UCN professor participating in online misinformation workshop in Victoria this summer

Dr. Joseph Atoyebi, an assistant professor in the University College of the North (UCN) Faculty of Arts, Business and Science, is bringing his linguistics expertise to an online misinformation workshop this August at Royal Roads University in Victoria, B.C. 

The workshop will provide researchers with an opportunity to explore methods of combatting online misinformation, a problem of extreme consequence in a world that is becoming more polarized through social media, says Atoyebi.

“When people don’t know the truth of the story, they begin to form groups,” he said. “People are deceived. That’s the point. And I think in the end, it will not go well with the country, especially a time like this where we have – in my point of view as an immigrant – misinformation that creates suspicion and breaks down what makes us human. It erodes what makes us human.
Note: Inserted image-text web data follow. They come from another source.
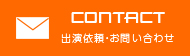 出演依頼・お問い合わせ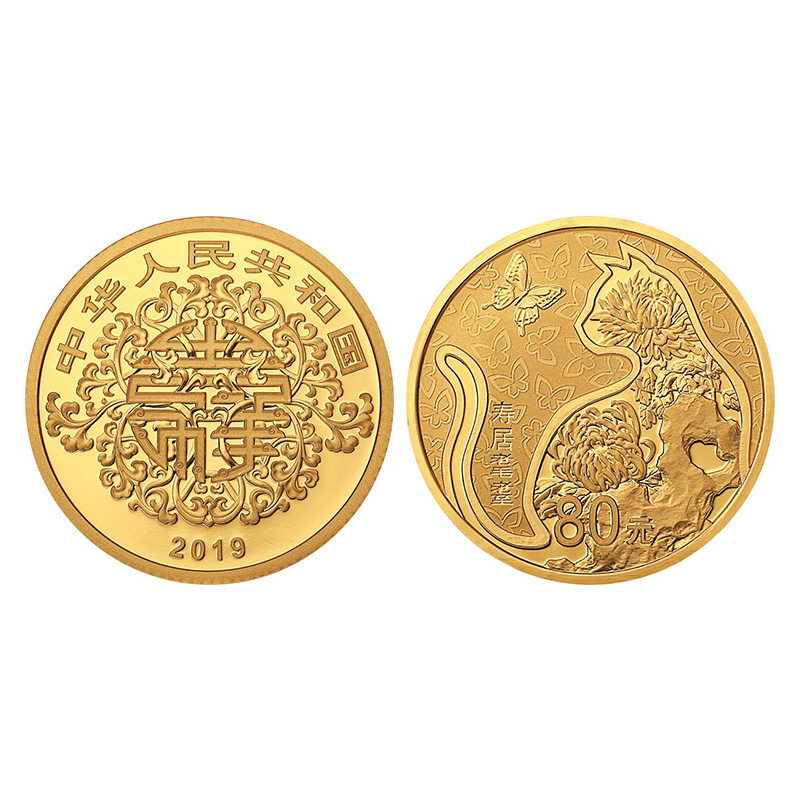 2019年吉祥文化金银纪念币寿居耄耋金银套装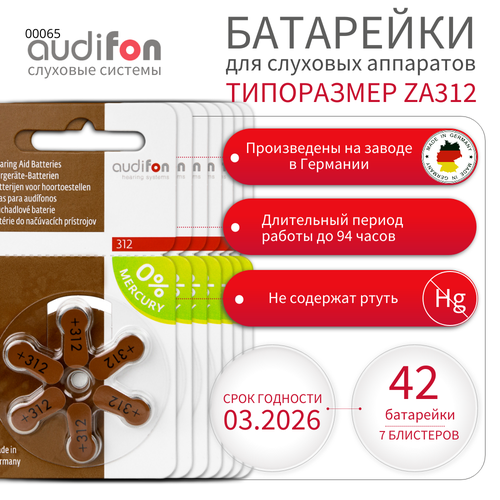 Батарейки воздушно-цинковые для слуховых аппаратов Audifon тип 312 (ZA312, PR41, AC312, DA312) 42 шт батарейки для слухового аппарата power one 312 6 шт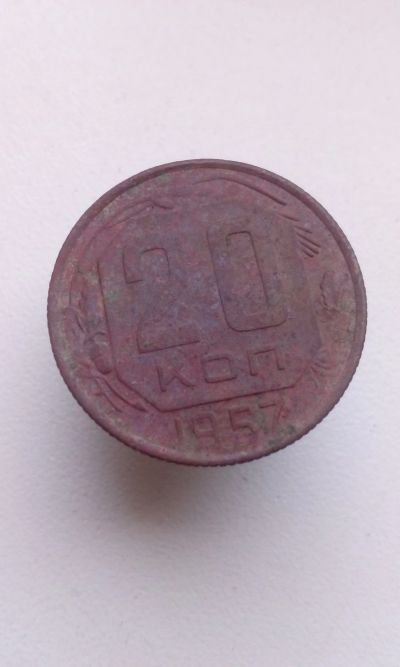 Лот: 12008717. Фото: 1. 20 копеек 1957 монета СССР. Россия и СССР 1917-1991 года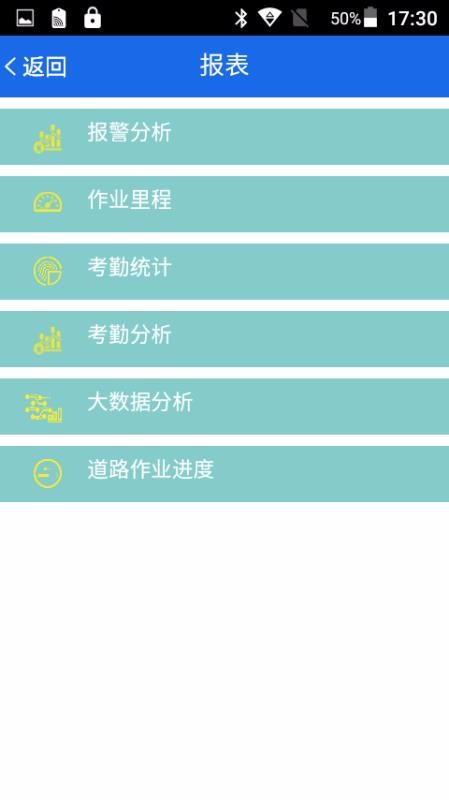 ǻۻֻܼapp-ǻۻܼ v2.1.20 ׿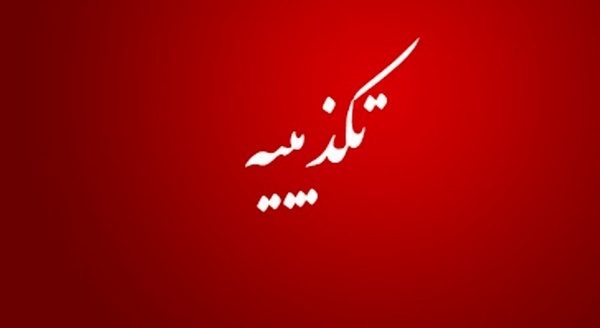 شهادت و زخمی‌شدن ۸ نفر پرسنل انتظامی پیرانشهر تکذیب شد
It has potential to break down the entire nation.” 

A spokesperson from UCN said the workshop will allow researchers a chance to develop anti-misinformation strategies using their specific field of expertise, “learning from others tackling this topic from different angles and mobilize knowledge about misinformation and information design that can be used by professional, public sector, or educational stakeholders beyond the workshop.” 

“I am so pleased that Dr. Atoyebi will be representing UCN at this critical workshop, “ said Faculty of Arts, Business and Science dean Harvey Briggs in a news release. “His knowledge in this area is informed by northern and Indigenous philosophies, an essential perspective for this work.”

Atoyebi has distilled the complex issue of online misinformation down to a few simple ideas that are accessible to the general public. 

“People try to control the narrative,” he explained. “The guy with the biggest microphone can dictate the narrative. In the process of doing that, stereotypes are created and disinformation about particular groups is put out there. It’s sad, that in the digital age, it has become very easy to spread misinformation.”

The 2016 U.S. presidential election is a great example of how misinformation manipulated an outcome, explained Atoyebi. 

“It’s no longer something that is debatable,” he said, noting that he believes the same type of online propaganda influenced that last Canadian federal election. “Even in the middle of that, we saw information that was not exactly true. This is pervasive right now, because we live in a digital world.”

The problem of online misinformation isn’t just a concern for academics pondering election outcomes, said Atoyebi. It’s also a problem for young people.

“We know that when people don’t know the truth about the story, they divide into groups.”